Last update: Dec 20, 2022

Related tags

Miscellaneous awesome-slugify

Overview

awesome-slugify

Python flexible slugify function

PyPi: https://pypi.python.org/pypi/awesome-slugify

Github: https://github.com/dimka665/awesome-slugify

Install

pip install awesome-slugify

Usage

from slugify import slugify

slugify('Any text')  # 'Any-text'

Custom slugify

from slugify import slugify, Slugify, UniqueSlugify

slugify('Any text', to_lower=True)  # 'any-text'

custom_slugify = Slugify(to_lower=True)
custom_slugify('Any text')          # 'any-text'

custom_slugify.separator = '_'
custom_slugify('Any text')          # 'any_text'

custom_slugify = UniqueSlugify()
custom_slugify('Any text')          # 'any-text'
custom_slugify('Any text')          # 'any-text-1'

slugify function optional args

to_lower              # if True convert text to lowercase
max_length            # output string max length
separator             # separator string
capitalize            # if True upper first letter

Slugify class args

pretranslate = None               # function or dict for replace before translation
translate = unidecode.unidecode   # function for slugifying or None
safe_chars = ''                   # additional safe chars
stop_words = ()                   # remove these words from slug

to_lower = False                  # default to_lower value
max_length = None                 # default max_length value
separator = '-'                   # default separator value
capitalize = False                # default capitalize value

UniqueSlugify class args

# all Slugify class args +
uids = []                         # initial unique ids

Predefined slugify functions

Some slugify functions is predefined this way:

from slugify import Slugify, CYRILLIC, GERMAN, GREEK

slugify = Slugify()
slugify_unicode = Slugify(translate=None)

slugify_url = Slugify()
slugify_url.to_lower = True
slugify_url.stop_words = ('a', 'an', 'the')
slugify_url.max_length = 200

slugify_filename = Slugify()
slugify_filename.separator = '_'
slugify_filename.safe_chars = '-.'
slugify_filename.max_length = 255

slugify_ru = Slugify(pretranslate=CYRILLIC)
slugify_de = Slugify(pretranslate=GERMAN)
slugify_el = Slugify(pretranslate=GREEK)

Examples

from slugify import Slugify, UniqueSlugify, slugify, slugify_unicode
from slugify import slugify_url, slugify_filename
from slugify import slugify_ru, slugify_de

slugify('one kožušček')                       # one-kozuscek
slugify('one two three', separator='.')       # one.two.three
slugify('one two three four', max_length=12)  # one-two-four   (12 chars)
slugify('one TWO', to_lower=True)             # one-two
slugify('one TWO', capitalize=True)           # One-TWO

slugify_filename(u'Дrаft №2.txt')             # Draft_2.txt
slugify_url(u'Дrаft №2.txt')                  # draft-2-txt

my_slugify = Slugify()
my_slugify.separator = '.'
my_slugify.pretranslate = {'я': 'i', '♥': 'love'}
my_slugify('Я ♥ борщ')                        # I.love.borshch  (custom translate)

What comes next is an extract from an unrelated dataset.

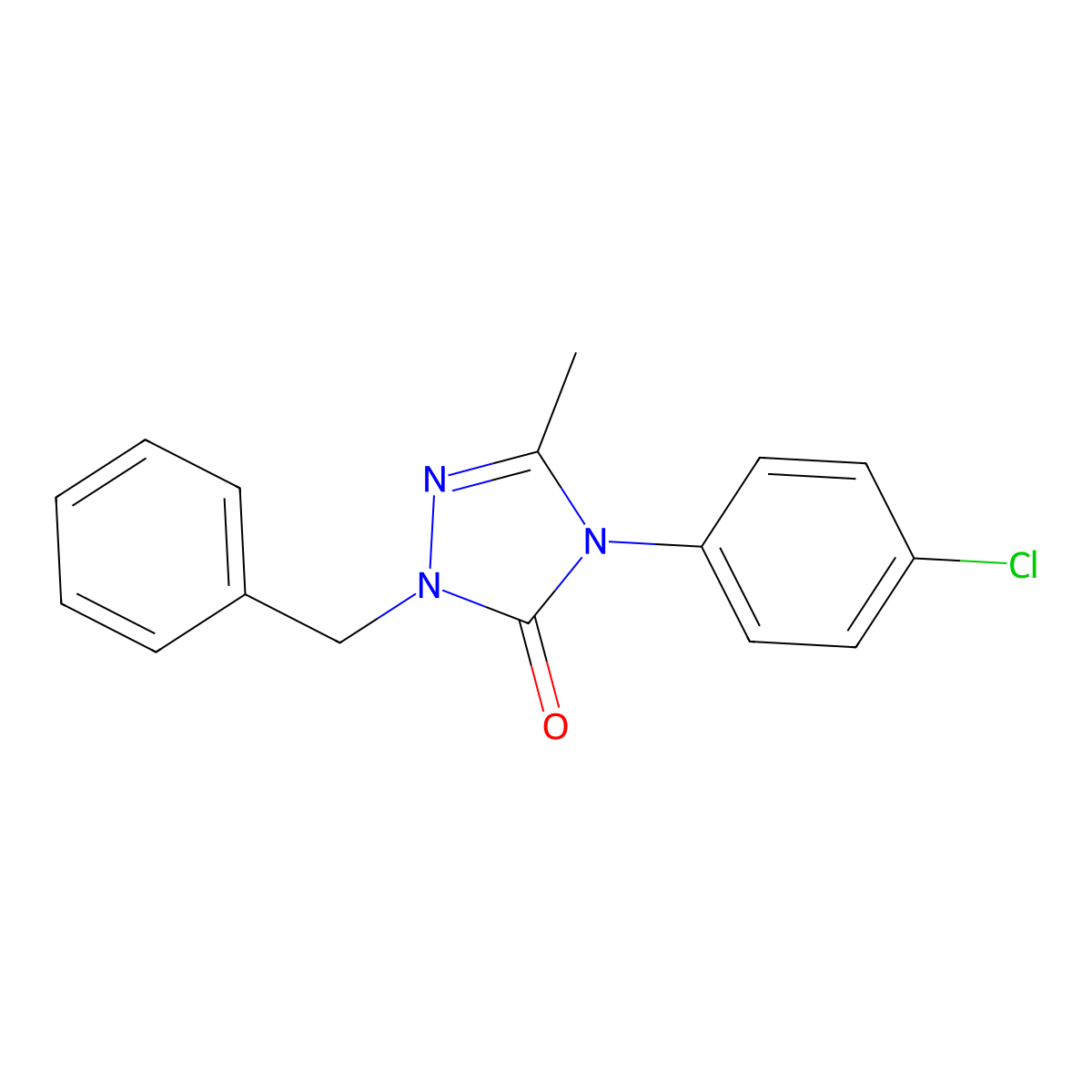 2-Benzyl-4-(4-chlorophenyl)-5-methyl-1,2,4-triazol-3-one molecular structure, CAS 860786-64-7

slugify('Я ♥ борщ')                           # Ia-borshch  (standard translation)
slugify_ru('Я ♥ борщ')                        # Ya-borsch   (alternative russian translation)
slugify_unicode('Я ♥ борщ')                   # Я-борщ      (sanitize only)

slugify_de('ÜBER Über slugify')               # UEBER-Ueber-slugify

slugify_unique = UniqueSlugify(separator='_')
slugify_unique('one TWO')                     # One_TWO
slugify_unique('one TWO')                     # One_TWO_1

slugify_unique = UniqueSlugify(uids=['cellar-door'])
slugify_unique('cellar door')                 # cellar-door-1

Custom Unique Slugify Checker

from slugify import UniqueSlugify

def my_unique_check(text, uids):
    if text in uids:
        return False
    return not SomeDBClass.objects.filter(slug_field=text).exists()

custom_slugify_unique = UniqueSlugify(unique_check=my_unique_check)

# Checks the database for a matching document
custom_slugify_unique('te occidere possunt')

Running UnitTests

$ virtualenv venv
$ venv/bin/pip install -r requirements.txt
$ venv/bin/nosetests slugify

Comments

Update minimum unidecode version

Unidecode has moved to semantic versioning. I don't believe there are any major changes that awesome-slugify requires.

Unidecode release change:

2018-01-05	unidecode 1.0.22
	* Move to semantic version numbering, no longer following version
	  numbers from the original Perl module. This fixes an issue with
	  setuptools (>= 8) and others expecting major.minor.patch format.
	  (https://github.com/avian2/unidecode/issues/13)
	* Add transliterations for currency signs U+20B0 through U+20BF
	  (thanks to Mike Swanson)
	* Surround transliterations of vulgar fractions with spaces to avoid
	  incorrect combinations with adjacent numerals
	  (thanks to Jeffrey Gerard)

opened by jwbixby 5

Fix for import on python 2.7.7 (windows)

Error with awesome-slugify 1.6.4:

python -c "from slugify import UniqueSlugify" Traceback (most recent call last): File "", line 1, in File "myvirtualenv\lib\site-packages\slugify__init__.py", line 2, in from slugify.main import Slugify, UniqueSlugify ImportError: No module named main

opened by srault95 2
UniqueSlugify Improvements
Hello, I'm using "awesome-slugify" for my work, and there are a few minor improvements I felt I could contribute which we were looking for on my team.

Thanks! Greg

UniqueSlugify should use sets for self.uids instead of a list, for performance reasons.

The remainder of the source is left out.